Thursday, December 31, 2009

reflections

Weee... last night's connect group leaders' mtg was great, what pb shared got me thinking alot.

all the plans about following up new friends, working on the members, raising up new leaders, strengthening the current leaders, setting visions and the list goes on.. pretty exciting year ahead for 2010, but somehow I didn't really share the joy and excitement then. I was just thinking and reflecting...

this year 2009 had been a rough, yet an exciting year. more exciting than a roller coaster I would say? meeting new friends and buddies, going overseas with frenz to celebrate birthdays, new jobs and promotions, new cell group etc. many many things. (who says life with God is boring, haha!)
of course many other new things came on as well, breakthroughs came knocking like never before.

some things from yesterday:
- a leader is never about the appointment. the appointment affirms the promotion, like a cell group leader or usher team leader etc. what's valuable in the promotion is the capacity you grow out of the process and then coming on to a new level.
and being a leader is really about taking charge, braving the storms. many a time people seek appreciation and affirmation through being a leader but how many actually understands the risks and sacrifices being one? and more often than not, they don't get appreciated and it is a lot of back-end preparation, trials and scoldings which makes the front so presentable. the endurance and the long-suffering, going through the fire, the purification process wahh...

- right now it is a character molding process. how many times have I stood back coz' of the big challenges and precisely coz' i'm fighting it alone. giving up is not an option in God's dictionary. it is a favourite cheer in Satan's dictionary. imagine yourself running in the sports stadium and lacking behind, with thousands of crowd, everyone (Satan and devils) is jeering 'Give up, give up' and God in one corner, standing out from the light He emits says a loud 'Move on, I will wait for you at the finishing line!' and that word seems to shadow over the thousand jeers in the stadium. and you continue to run and run, forgetting the jeers and persists on to the finishing line!
the thoughtfulness to follow through, the ability to widen my scope and multi-task, discipline, multiple dimension leadership!!!

- balance is the key. above that it has to be pushed with a vision or a revelation from God. when you have a direction to go towards, you will not be lost and instead, it serves as an added motivation for you to run towards the finishing line.



what a way to end my 2009! welcome 2010!!! :D

Wednesday, December 30, 2009

just had a chat with Mel last night and guessed one of the paragraphs that I'd typed had reaffirmed her fears, about being detached from the cell group when the busyness of the season comes like Christmas or Easter when the ministry requires more attention?

previously back in Vic's cg, ministry was almost like everything to me and it was pretty common how easy I would 'disappear' from services and cg could only see me during cgm? haha.
Pretty unhealthy yea and it had gotten to me that it wasn't God whom I'm serving for in the ministry but myself.

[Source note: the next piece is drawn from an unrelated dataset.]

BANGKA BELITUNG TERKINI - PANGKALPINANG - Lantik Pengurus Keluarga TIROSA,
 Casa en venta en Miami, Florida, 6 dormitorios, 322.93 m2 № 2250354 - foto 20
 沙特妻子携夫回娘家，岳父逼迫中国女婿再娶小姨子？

That's when things got haywire anyway but when it came onto the current cg, things were very much different.
by then I had paced down and stabilised myself in ministry in terms of roles and responsibilities and very much of the things are pretty ad-hoc, despite certain commitments to it. things started falling into place pretty nicely for the 1st half and had the chance of fellowshipping more with the cg and knowing them better. So it was the relationships that kept me rooted to this cg.
Pretty unique synergy of how the cg is made up, and esp when I'm older than the rest comparatively which pretty suits me up in a adult cg more appropriately. Anyway despite that, things gelled pretty well for me.

I guess everytime before I move on to a new level, balance will always be a problem for me. As shared in my previous post, cg was there but I didn't felt part of it. Yeap, prayers were made but above the prayers, many more in the cg rose up to the occasion to make things happen which I'm proud of! :)

It is really the balance that determines the outcome of things. Once the focus is lost, the balance loses itself.

Tuesday, December 29, 2009

this christmas wkend has been a rushed one. haha, busy with serving and having fun all at the same time, not to forget learning from mistakes and the shifting which took place last Sunday. Think this entire week had been a limit-breaking week and I guess I'm running tired from the many events that I was involved in.

Somehow thank God for things which had pulled through the roof and had grown to a new level. But somehow expectations for me seems to be higher than how it should be for me. On the ball for things, ensure things are running and smooth, clearing the back-end jobs etc. Too many to conquer at times. Keeping up with the standards of other leaders can be tiring but I guess it's part of the training, to be certain I had grown to a new level which is expected of me.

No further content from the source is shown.